Download or read book Red Branch written by Morgan Llywelyn and published by William Morrow. This book was released on 1989 with total page 568 pages. Available in PDF, EPUB and Kindle. Book excerpt: "Powerful . . . A lusty, poetic and legendary world based on Ireland's mythical warrior-hero Cuchulain." The New York Times Book Review In a land ruled by war and love and strange enchantments, Cuchulain -- torn between gentleness and violence, haunted by the croakings of a sinister raven -- fights for his honor and his homeland and discovers too late the trap that the gods have set for him in the fatal beauty of Deirdre and the brutal jealousy of King Conor.

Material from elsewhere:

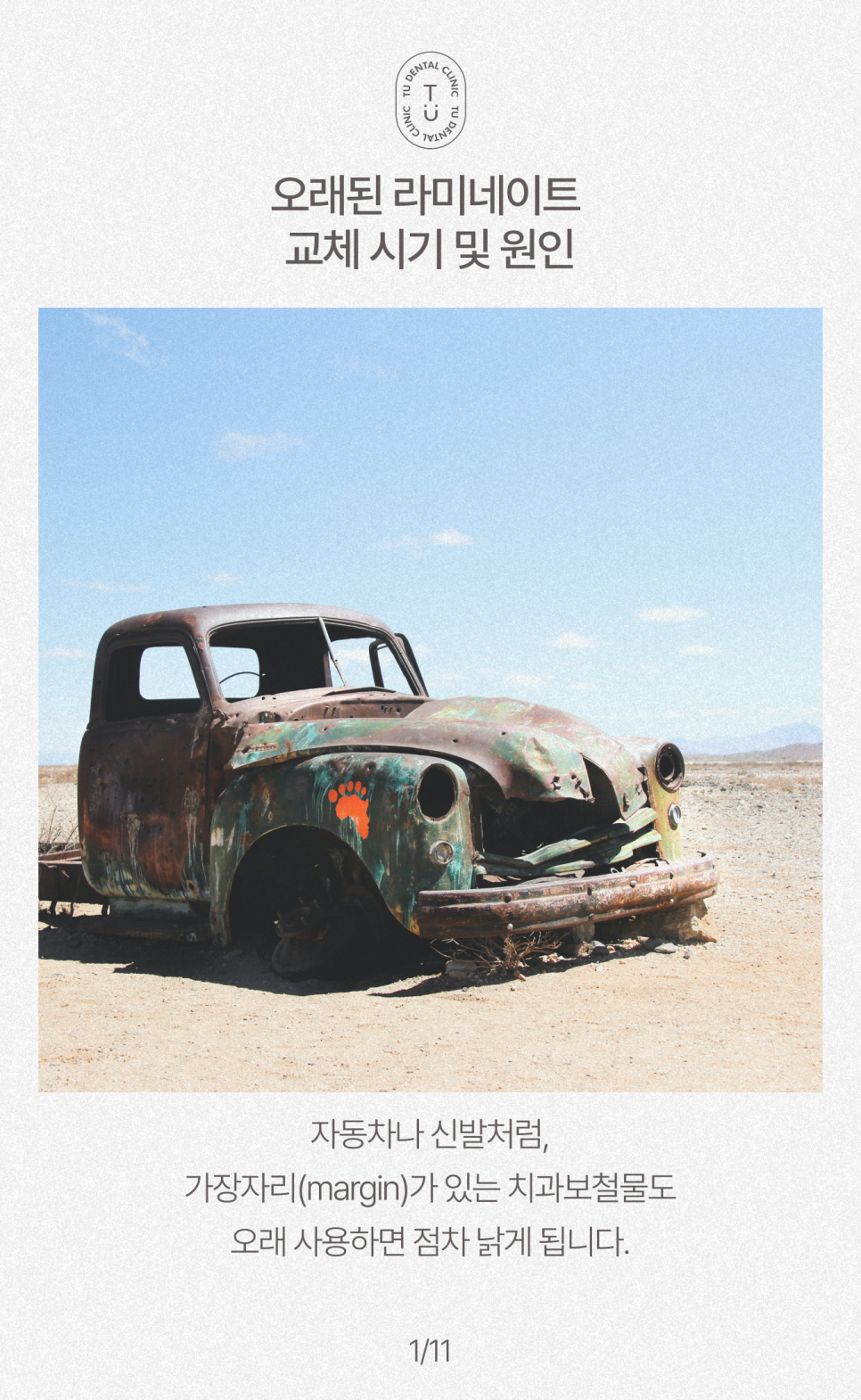 오래된 라미네이트 교체하셔야 됩니다, 티유치과[TU치과] 관련 이미지 2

Book Subject Index of Modern Books Acquired 1881 1900

Download or read book Subject Index of Modern Books Acquired 1881 1900 written by British Museum. Department of Printed Books and published by . This book was released on 1927 with total page 1586 pages. Available in PDF, EPUB and Kindle. Book excerpt:

Book A Doctor s Sword

Download or read book A Doctor s Sword written by Bob Jackson and published by Gill & Macmillan Ltd. This book was released on 2016-08-01 with total page 310 pages. Available in PDF, EPUB and Kindle. Book excerpt: 'There followed a blue flash accompanied by a ver y bright magnesium-type flare ... Then came a frighteningly loud but rather flat explosion, which was followed by a blast of hot air ... All this was followed by eerie silence.' This was Cork doctor Aidan MacCarthy's description of the atomic bomb explosion above Nagasaki in August 1945, just over a mile from where he was trembling in a makeshift bomb shelter in the Mitsubishi POW camp. At the end of the war, a Japanese officer did the unthinkable: he surrendered his samurai sword to MacCarthy, his enemy and former prisoner. This is the astonishing story of the wartime adventures of Dr Aidan MacCarthy, who survived the evacuation at Dunkirk, burning planes, sinking ships, jungle warfare and appalling privation as a Japanese prisoner of war. It is a story of survival, forgiveness and humanity at its most admirable.

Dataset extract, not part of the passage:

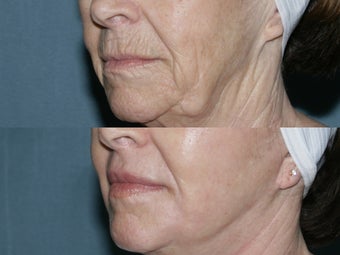 Face and neck Fraxel repair with C02/Erbium lasers for upper lip wrinkles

Book How the Irish Became White

Download or read book How the Irish Became White written by Noel Ignatiev and published by Routledge. This book was released on 2012-11-12 with total page 289 pages. Available in PDF, EPUB and Kindle. Book excerpt: '...from time to time a study comes along that truly can be called ‘path breaking,’ ‘seminal,’ ‘essential,’ a ‘must read.’ How the Irish Became White is such a study.' John Bracey, W.E.B. Du Bois Department of Afro-American Studies, University of Massachussetts, Amherst The Irish came to America in the eighteenth century, fleeing a homeland under foreign occupation and a caste system that regarded them as the lowest form of humanity. In the new country – a land of opportunity – they found a very different form of social hierarchy, one that was based on the color of a person’s skin. Noel Ignatiev’s 1995 book – the first published work of one of America’s leading and most controversial historians – tells the story of how the oppressed became the oppressors; how the new Irish immigrants achieved acceptance among an initially hostile population only by proving that they could be more brutal in their oppression of African Americans than the nativists. This is the story of How the Irish Became White.

Book The Nineteenth Century and After

Download or read book The Nineteenth Century and After written by and published by . This book was released on 1920 with total page 574 pages. Available in PDF, EPUB and Kindle. Book excerpt:

Book Subject Index of Modern Books Acquired

Download or read book Subject Index of Modern Books Acquired written by British Library and published by . This book was released on 1927 with total page 1584 pages. Available in PDF, EPUB and Kindle. Book excerpt:

Book Ireland

    Book Details:
  • Author : William Trevor
  • Publisher : Penguin Books
  • Release : 1998-09
  • ISBN :
  • Pages : 392 pages

Download or read book Ireland written by William Trevor and published by Penguin Books. This book was released on 1998-09 with total page 392 pages. Available in PDF, EPUB and Kindle. Book excerpt: From the bestselling author of "After Rain" cones a stunning collection of short stories that captures the nuances of rural and middle-class life in the Ireland that Trevor knows so well. Available for the first time in the United States.